PROMPT → An exact copy is needed of the lines in the entries below from the line with "And OtoPlan has" up to and including the line with "36 times 5/6", and of nothing else. Leave the pictures out.

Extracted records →

--*--

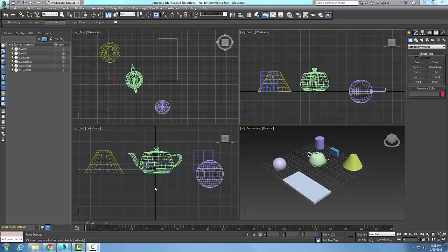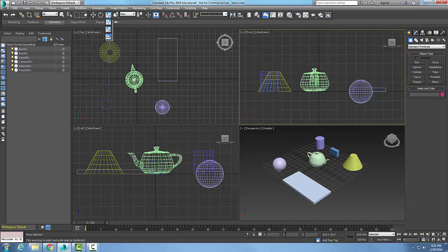The Select and Squash Tool is used to stretch and squash an object along the selected axis. If we go up here into our main toolbar and hold down our button, we want to go down to the bottom one here — this is Select and Squash.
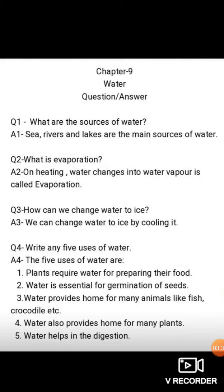Question number three: how can we change water to ice? Answer — we can change water to ice by cooling it. Question number four: write any five uses of water. Answer — plants require water for preparing their food; water is essential for germination of seeds; water provides home for many animals like fish and crocodile; water also provides home for many plants; water helps in the digestion of food.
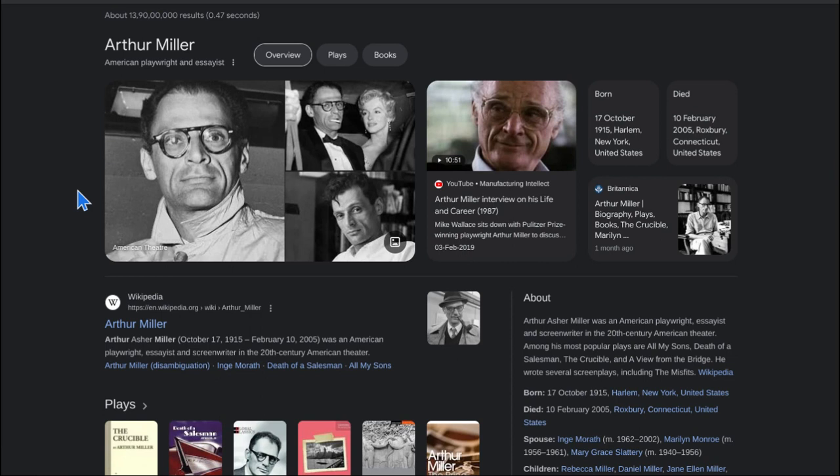The play has the characters Willy Loman, Linda Loman, Biff and Happy Loman, Ben Loman, Bernard, Charlie, the Woman, and Howard.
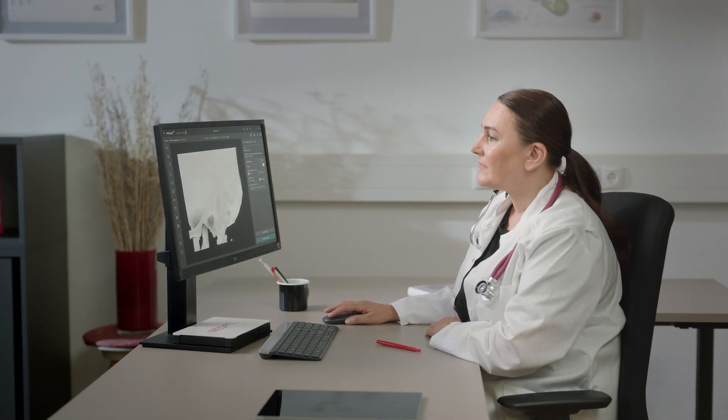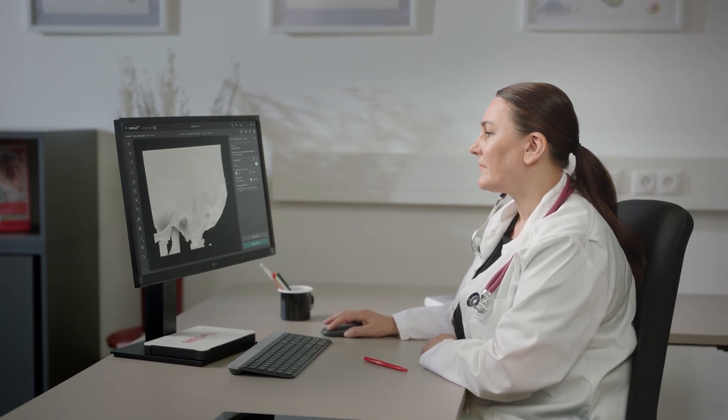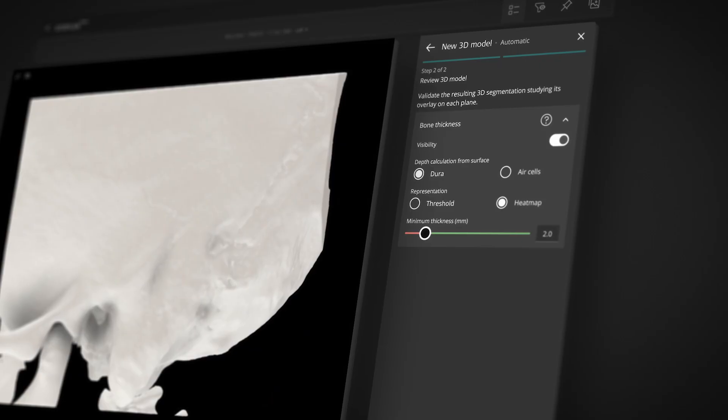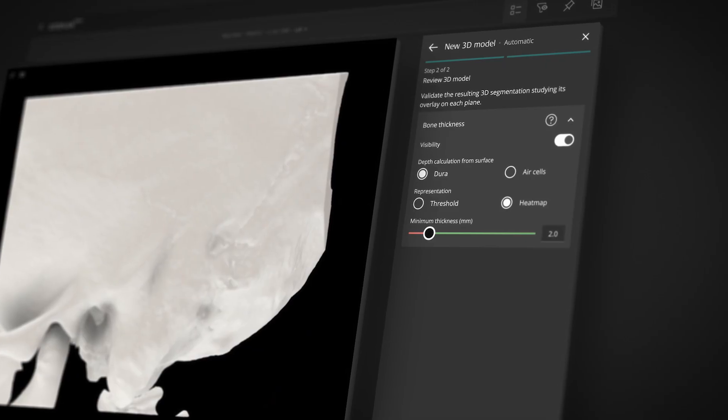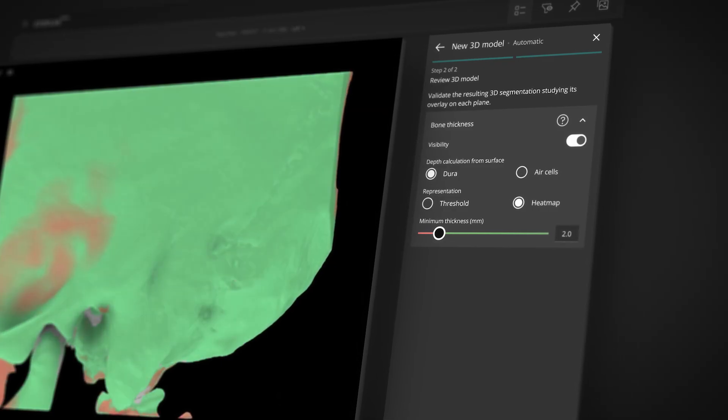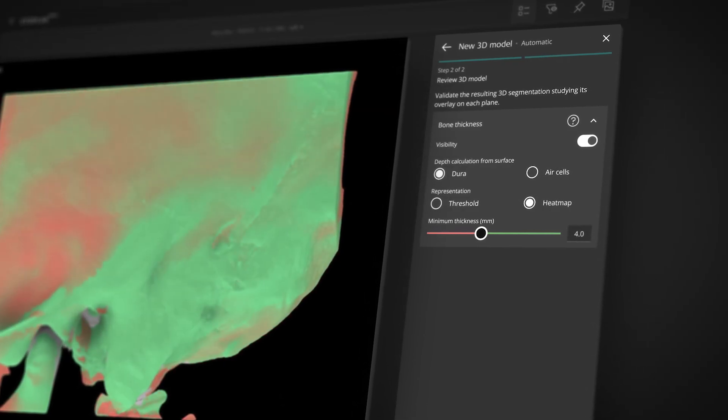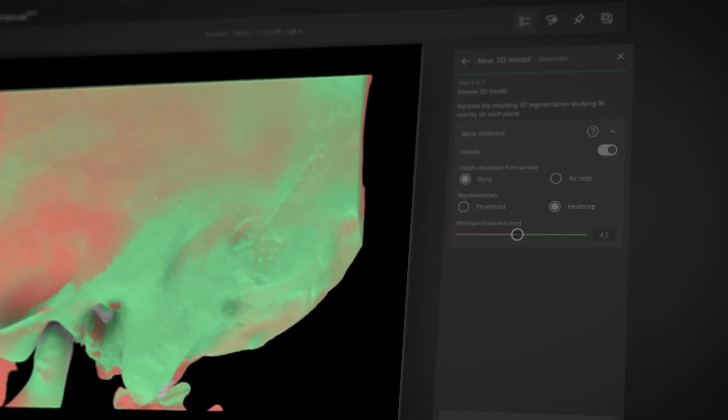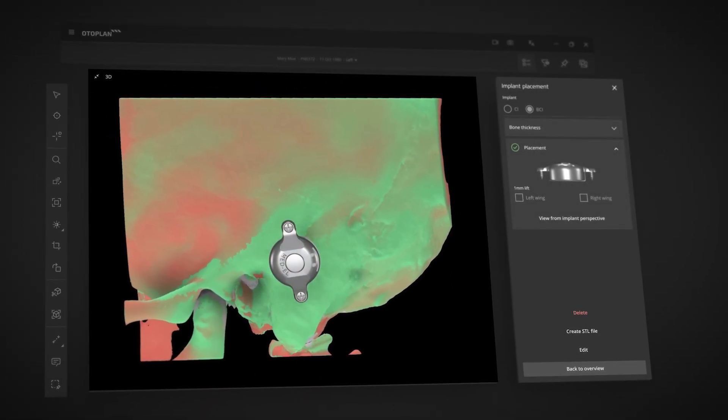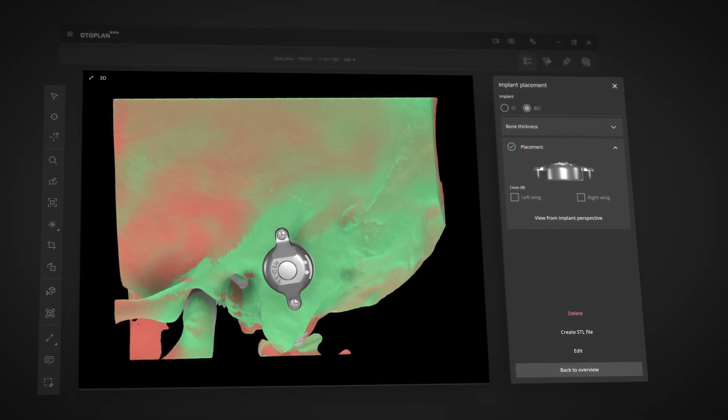And OtoPlan has even more. You can now perform automatic 3D bone reconstruction and thickness mapping. OtoPlan also includes bone bridge placement optimization.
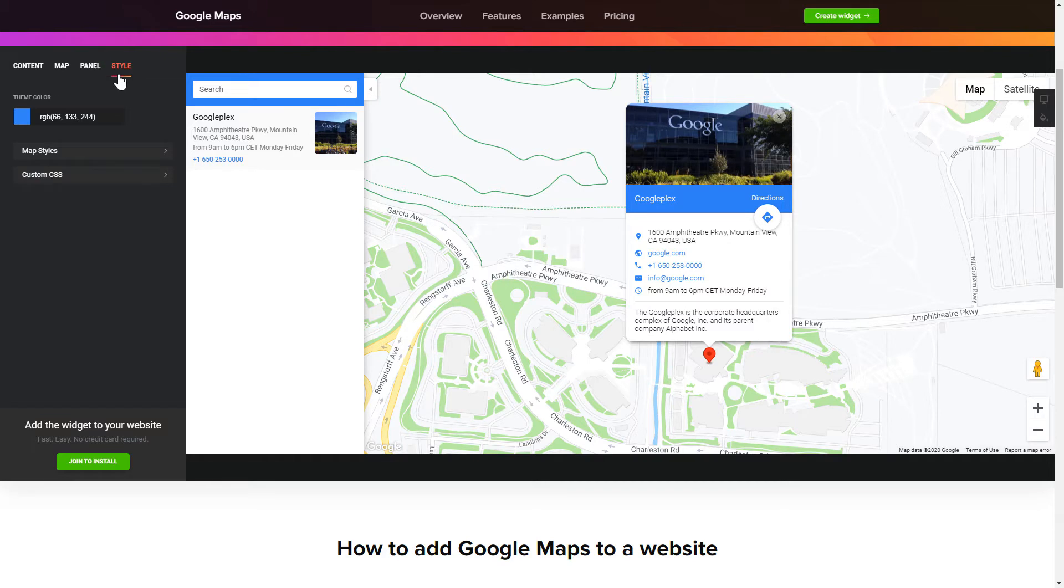That's it! Your widget is ready! Also, you can check other settings to adjust layout, size, colors and fonts.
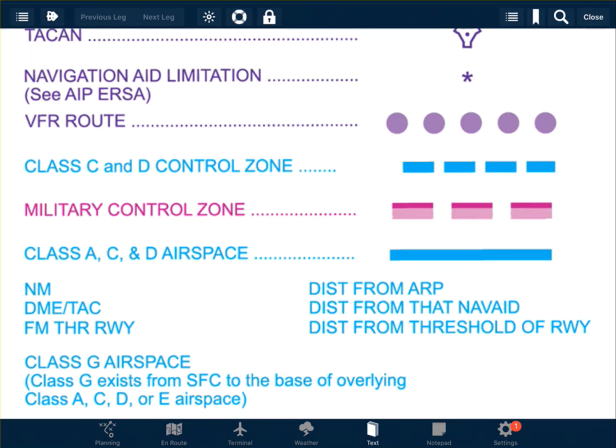Controlled airspace can be identified on an aviation map by the blue lines. There are dashed blue lines for Class C and Class D control zones — this is airspace that reaches the ground. Military control zones remain in magenta, because the military treat these as restricted airspace. All other controlled airspace will be indicated by solid blue lines, which is airspace that does not reach the ground.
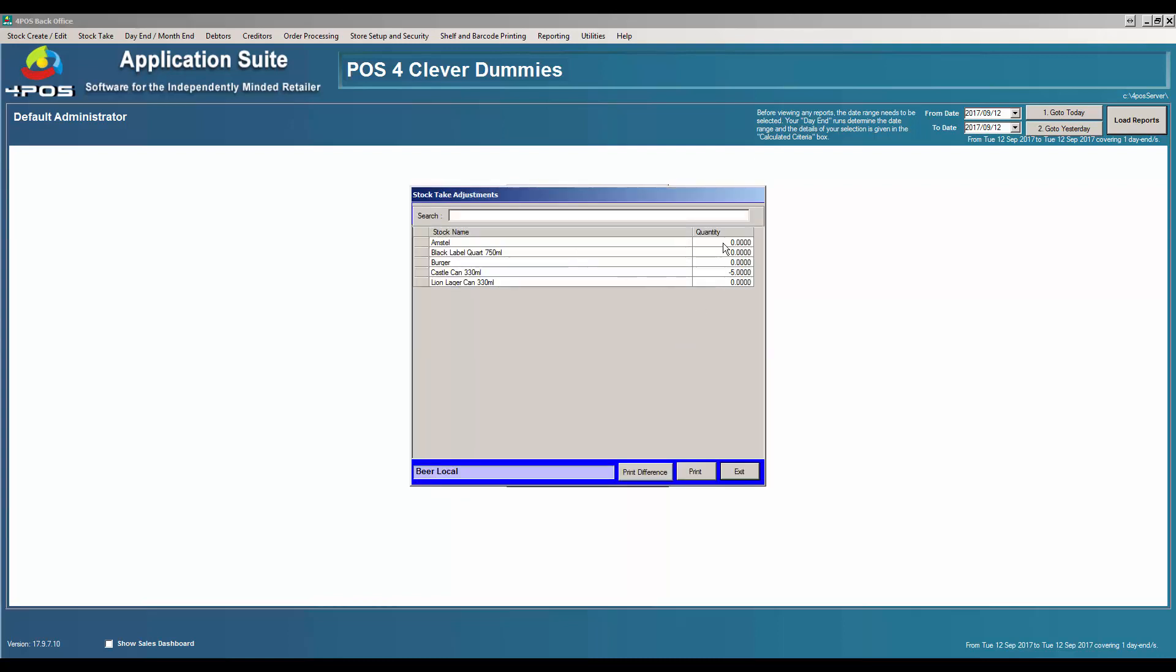I'm going to physically count my stock. I've got 24 Amstels in stock, Black Label quarts 145 in there. Burgers shouldn't be on there so I'll ignore it for now and fix it later. Castle cans I have 48 in stock, let's make it 47, and Lion Lager cans I have 33 in stock.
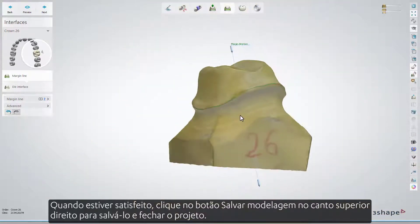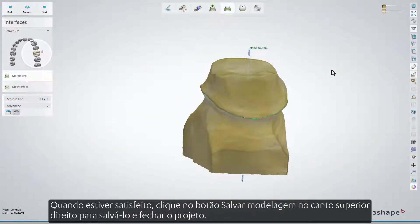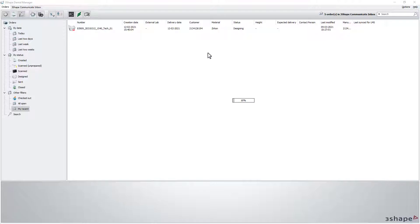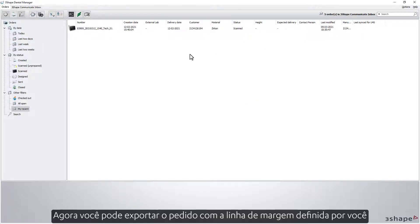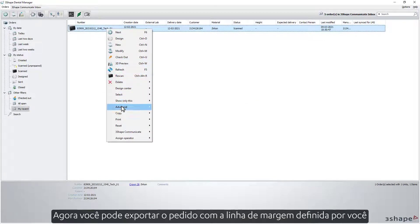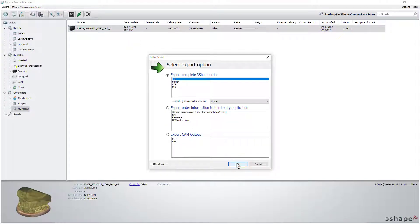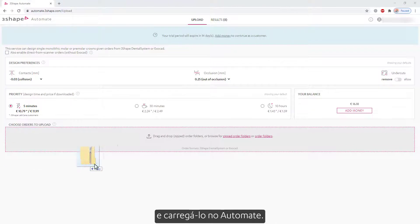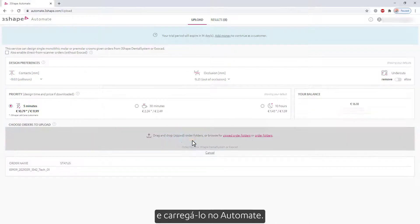When you are satisfied, click the Save Modeling button in the upper right corner to save it, and then close the order. Now you are able to export the order with the margin line set by you, and upload it into Automate.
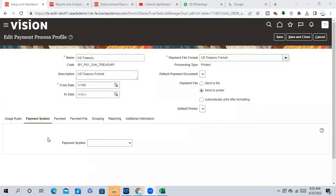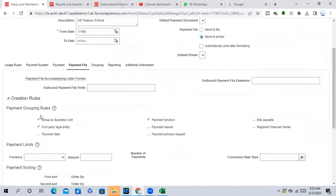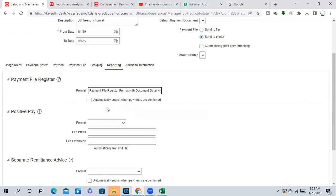In the payment process profile, you can give document grouping rules and document limits — these are not mandatory. The payment file grouping information you can mention but can skip if not needed. The payment file register with document details is the usual format we select to generate our XML and PDF files. This is not the file you are transferring; this is the Oracle file register.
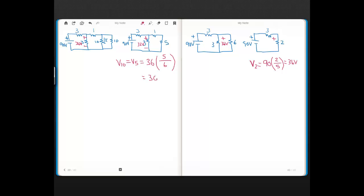36 times 5/6 is 30 volts. So there are 30 volts across that 5-ohm resistor, which means there are 30 volts across the two 10-ohm resistors in parallel. The current through that 10-ohm resistor is just 30 volts divided by 10 ohms, so 3 amps — that's our answer.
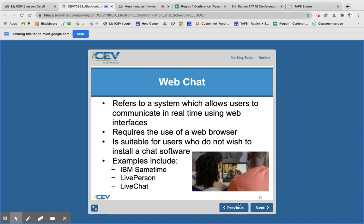Some other forms of communication include web chat — these are systems where you use a web browser and chat online. This used to be much less common than what we do now. Google Meet is a web chat option, and we also have Zoom and all kinds of ways to communicate with each other now.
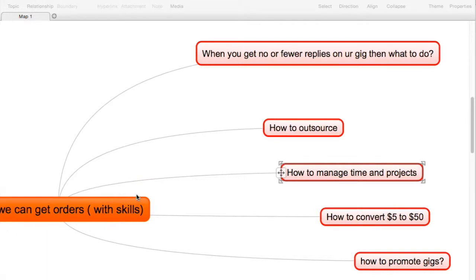Welcome my guys, again in this video we are going to learn how to outsource. So outsourcing is always an option, but Fiverr has very strict rules about working with or even cross-promoting other sellers.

--*--

YOUR SOLUTION →
And OtoPlan has even more. You can now perform automatic 3D bone reconstruction and thickness mapping. OtoPlan also includes bone bridge placement optimization.
That's it! Your widget is ready! Also, you can check other settings to adjust layout, size, colors and fonts.
Controlled airspace can be identified on an aviation map by the blue lines. There are dashed blue lines for Class C and Class D control zones — this is airspace that reaches the ground. Military control zones remain in magenta, because the military treat these as restricted airspace. All other controlled airspace will be indicated by solid blue lines, which is airspace that does not reach the ground.
I'm going to physically count my stock. I've got 24 Amstels in stock, Black Label quarts 145 in there. Burgers shouldn't be on there so I'll ignore it for now and fix it later. Castle cans I have 48 in stock, let's make it 47, and Lion Lager cans I have 33 in stock.
When you are satisfied, click the Save Modeling button in the upper right corner to save it, and then close the order. Now you are able to export the order with the margin line set by you, and upload it into Automate.
In the payment process profile, you can give document grouping rules and document limits — these are not mandatory. The payment file grouping information you can mention but can skip if not needed. The payment file register with document details is the usual format we select to generate our XML and PDF files. This is not the file you are transferring; this is the Oracle file register.
36 times 5/6 is 30 volts. So there are 30 volts across that 5-ohm resistor, which means there are 30 volts across the two 10-ohm resistors in parallel. The current through that 10-ohm resistor is just 30 volts divided by 10 ohms, so 3 amps — that's our answer.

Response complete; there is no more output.